* The problem
Pictures stay out of the copy; output exactly the lines from the one containing "意式极简真皮餐椅北欧椅子现代" through the end of the material.

* Data shown
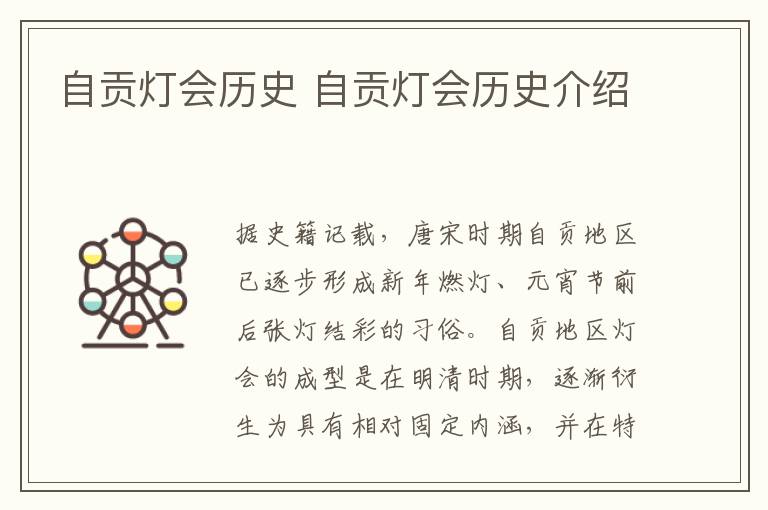 自贡灯会历史 自贡灯会历史介绍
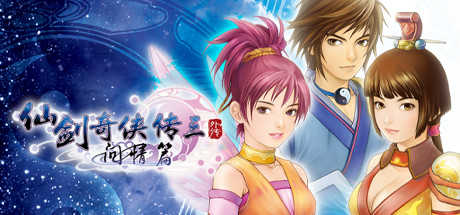 仙剑战记破解版下载(仙剑奇侠传破解版内购破解版)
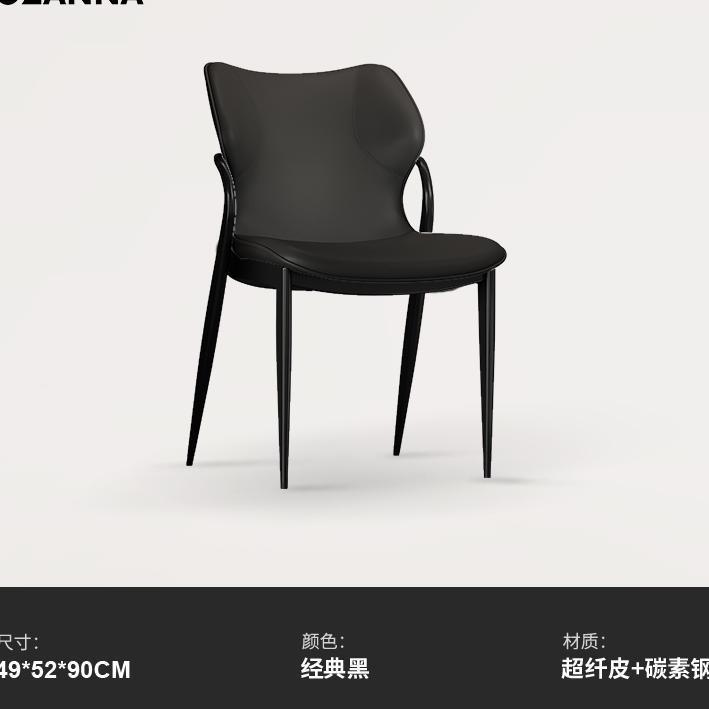 意式极简真皮餐椅北欧椅子现代简约家用靠背椅轻奢餐桌椅网红凳子|undefined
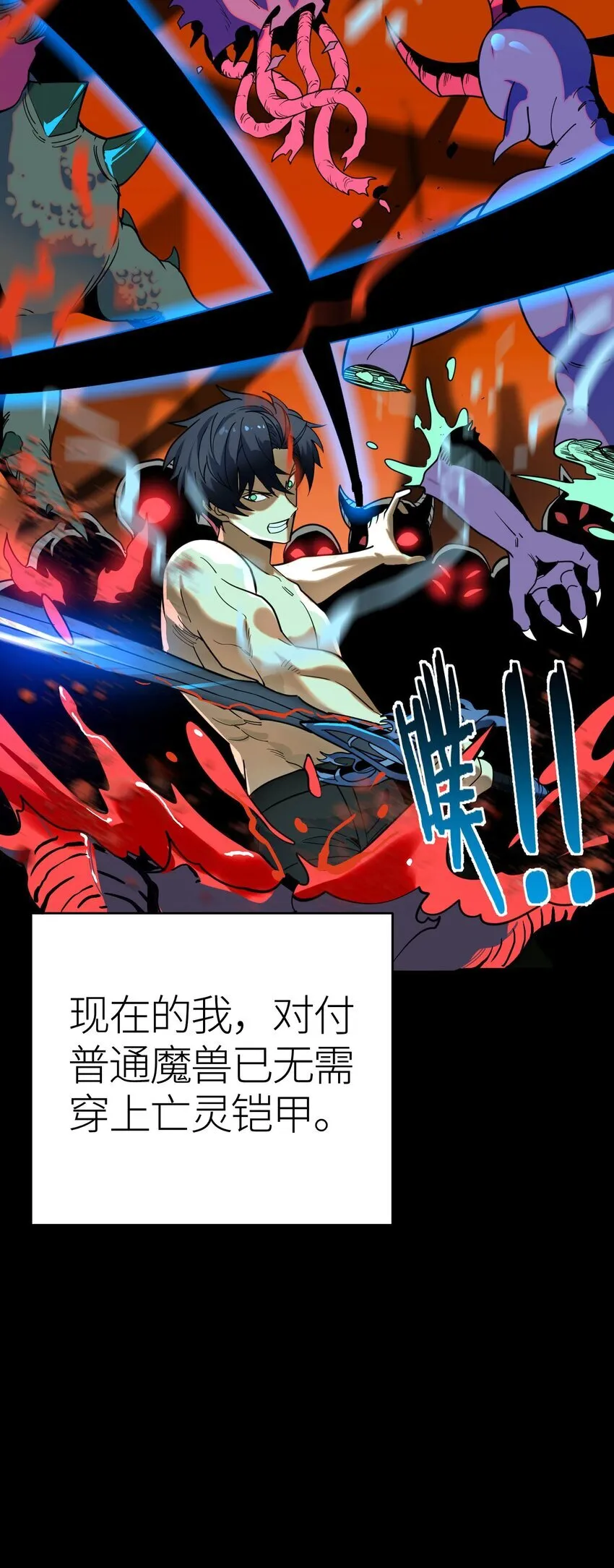 第3话 解锁者40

* Expected output
 意式极简真皮餐椅北欧椅子现代简约家用靠背椅轻奢餐桌椅网红凳子|undefined
 第3话 解锁者40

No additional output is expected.